Sullo sfondo, sospeso nell'aria, quasi 'leggero" come la musica, un carro a forma di violino creato per accogliere i concertisti e sfilare, nei giorni di Carnevale, insieme ai personaggi storici. Un carro per portare bambini e note lungo le strade di Ivrea e dire a tutti che se, fin da piccoli, ci si avvicina alla musica, s'impara a conoscerla e praticarla non si può che diventare adulti migliori. Lo ha spiegato a chiare lettere, in apertura, l'entusiasta e infaticabile maestro Antonio Mosca che i piccoli talenti guida e accompagna sulla strada delle note; lo hanno dimostrato inequivocabilmente quelle minuscole dita che si muovevano veloci e delicate sulle corde, quelle mani impegnate a far 'cantare" gli archetti.
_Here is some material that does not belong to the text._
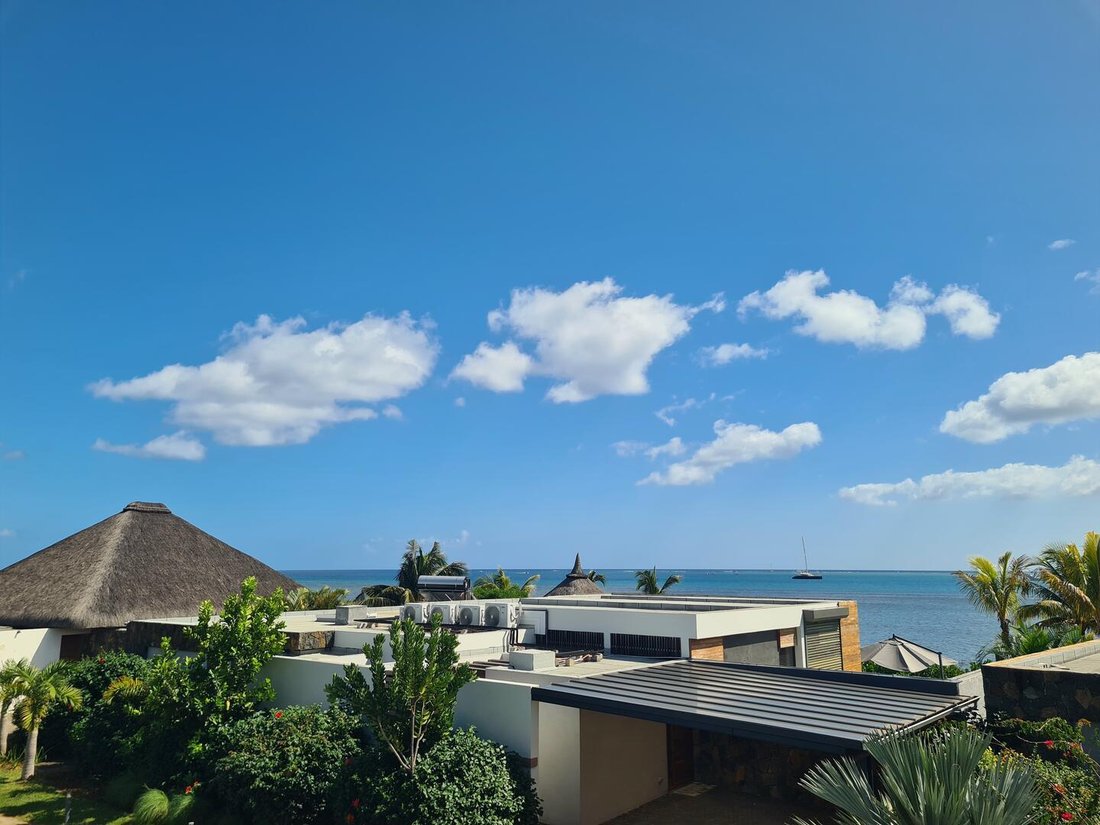 Townhouse in Black River, Rivière Noire District, Mauritius 5 - 18626602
Il linguaggio universale delle note in una serata di qualità e gradevolissimo svolgimento: notevole impatto scenico, poche parole, essenziali accorgimenti di regia, grande spontaneità, immensa bravura. Perciò, in chiusura, inaspettato ma pienamente meritato, il ringraziamento al segretario Gambone pe aver voluto e saputo offrire alla città una serata come questa.